エベレスト、チベット側頂上直下の岩場。 エベレスト、チベット側頂上直下の岩場。

──
しかし、そうおっしゃる倉岡さんも、
高所山岳ガイドとして、
日本最強と呼ばれてらっしゃいます。
さっそくおうかがいしたいんですが、
山との出会いは、いつごろでしたか。
倉岡
ぼくはね、小学校5年生のとき。
我孫子の小学校に通ってたんですが、
本屋さんに行ったら、
『登山入門』って本があったんです。
──
ええ、ええ。
倉岡
そう、その本の表紙が、
剱岳で
ロッククライミングやってる写真で。
当時ですから、今みたいに
カッコよくはなかったんですけど、
「あぶみ」って
ハシゴみたいなのにぶらさがって、
岩壁に、
ハーケン打ってる場面だったんです。
──
これぞ岩登り、というような。
倉岡
その写真にね、見入っちゃいまして。
そこで人生が決まっちゃいました。
──
本屋さんの店先で、
小学5年生の「人生」が、決まった。
倉岡
まあ、そのあとすぐに
山登りできるわけはないんですけど。
ずーっと、忘れられずにいて。
──
その雑誌の表紙の写真が。
倉岡
そうですね‥‥中学校へあがっても、
山のことしか考えられず、
山の本とか雑誌ばっかり読み漁って。
ようやく中2になって、
山登りへ行けるようなったんですが。
──
最初は、どのあたりから?
倉岡
丹沢です。
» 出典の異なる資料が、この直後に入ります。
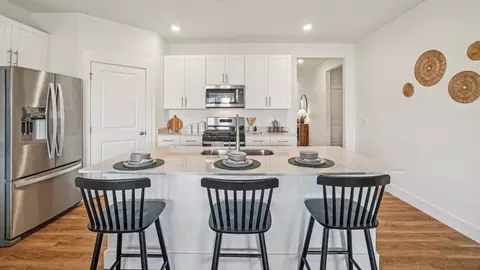 Kitchen - 300 Cookie Loop, Johnson City, TN 37615 photo 2 of 11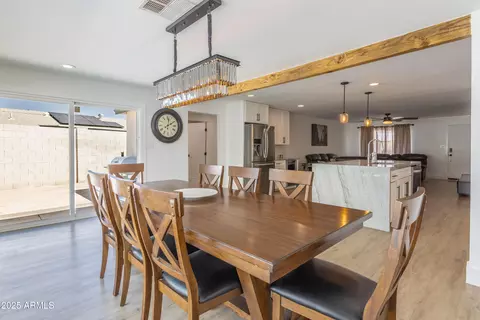 Dining - 3908 E Marilyn Rd, Phoenix, AZ 85032 photo 3 of 4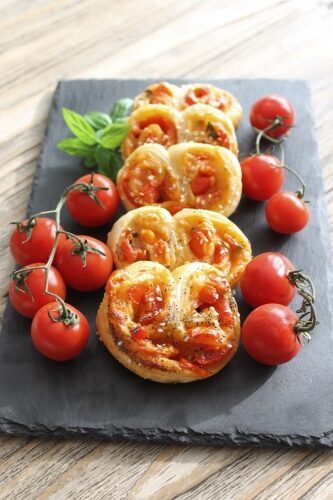 Ventagli di pomodoro pachino igp con parmigiano e basilico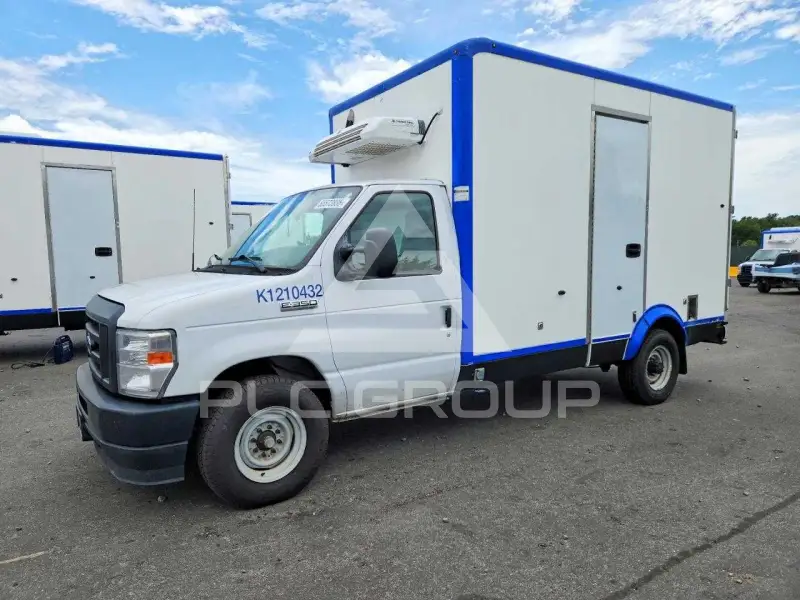 2023 Ford E-350 фото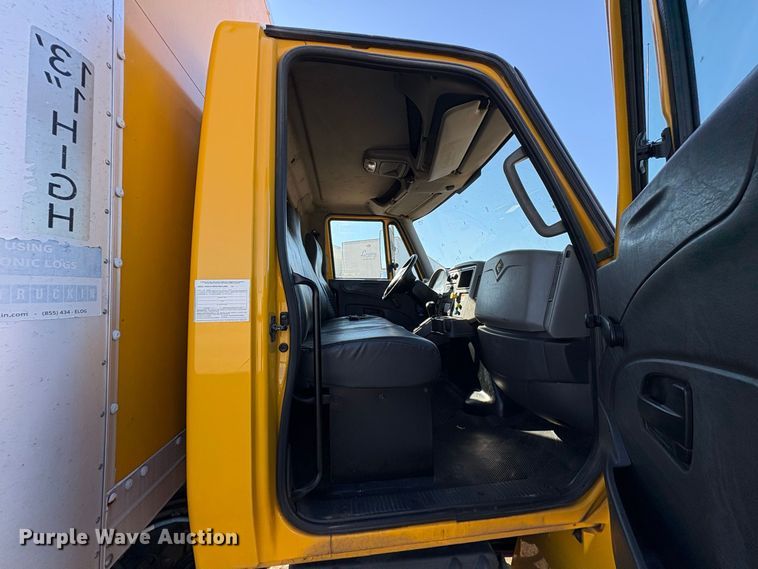 image for item ES8273 2016 International MA025 box truck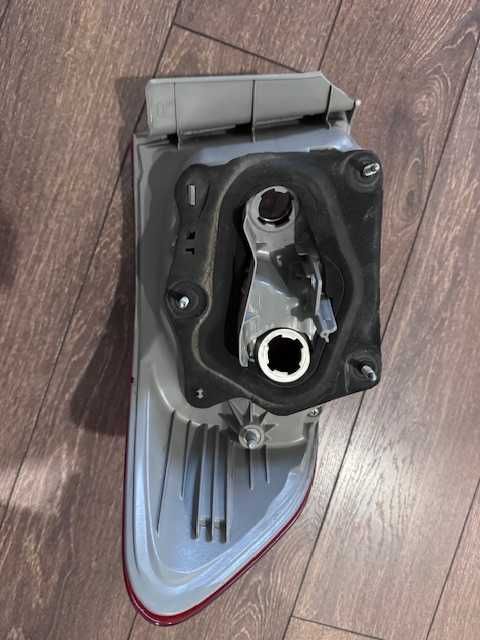 Задній стоп сигнал для Toyota corolla E150 Koito 12-566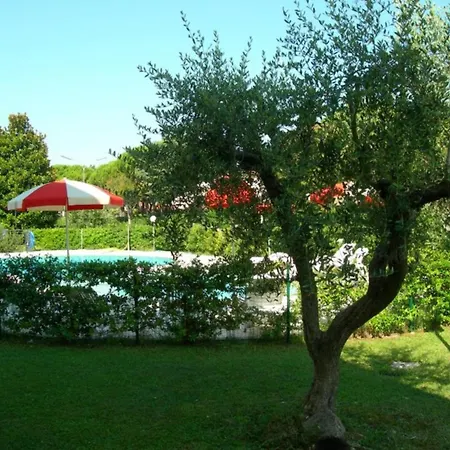 Apartment With Shared Pool For Eight Guests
山岳会にも入ってないし、
何の経験もなかったんですが、
母親が、
昔ハイキングをやっていたときの
キャラバンシューズをくれたんです。
──
その、お母さんのお下がりを履いて。
倉岡
リュックは親戚が買ってくれて、
父親からは
「シャベルとロープを持ってけ」
って、持たされて‥‥
2泊3日の旅だったんですけど。
──
単独ですか。
倉岡
はい。
──
はじめての山登りで、
中学生が、2泊3日の単独行ですか。
倉岡
ええ。そのあとも
独りで筑波山でクライミングしたり。
道具も何も持ってなくて、
何万円もするロープは買えないから、
5ミリの細引き買って、
それで単独で登ってたりしましたね。
──
つまり、比較的お安いロープで‥‥。
倉岡
意外と切れないもんだなとか(笑)。

──
日本で最もエベレストに登っている
倉岡さんも、
最初は山岳会に入らず、独学だった。
倉岡
そうですね、本を読んだりとかして。
上達は早かったほうだと思います。
でも、いろいろ独りでやってみて、
山岳会に入ってないと、
世界が広がらないなと思ったんです。
──
なるほど。
倉岡
大学は明治大学に入ったんですけど、
その年、隊長・植村直己さんで、
冬のエベレストへ行くと聞きつけて。
山岳部の部室で、
「エベレストに連れてってください」
ってお願いしたんです。
──
おお、直訴!
植村直己さん、明治OBですもんね。
倉岡
でも、ダメで。
──
あ、ダメでしたか。
倉岡
はい、ダメに決まってるんですけど、
そこで当時、流行りはじめた
社会人の山岳会に入ったんですよね。
みんな、はたらいてるんで、
基本的に土日しかない‥‥というか、
当時は、
土曜休みじゃない時代だったんです。
──
いわゆる「半ドン」のころ。
倉岡
仕事が終わったあと土曜の夜に出て、
スピーディーに
難しい山に登って帰ってくるんです。
そういうスタイルの、
今どきの山登りがはじまったころで。
──
それが「今どき」なんですね。
倉岡
真冬の10日間、
岸壁にぶら下がりながらとかでなく、
装備も荷物も軽量化して、
富士山なんかでも、
泊まらずにパッと行って帰ってくる。
大学の山岳部の山登りとは、
発想の違うやり方が出てきたんです。
──
それが、何年くらいのことですか。
倉岡
1979年くらいだと思います。
日本で1、2を争うような山岳会で、
国内の山に登っていました。
大学へはほとんど行かず、山にいた。
──
本格的に、山中心の生活へと。
倉岡
大学は7年間いて除籍になりました。
大学にいたのは山へ登るためだった。
入学式の当日にクラスわけがあって、
席に座ってあたりを見渡した瞬間、
ここは俺の居場所じゃないなあって。
──
あ、その時点で。
倉岡
ええ、初日にわかっちゃったんです。
母は、ぼくの山のことを
応援してくれていたんですけど、
大学を辞めさせられちゃったときは、
さすがに泣いていました。

世界第6位の高峰チョ・オユー山頂から見るエベレスト。 世界第6位の高峰チョ・オユー山頂から見るエベレスト。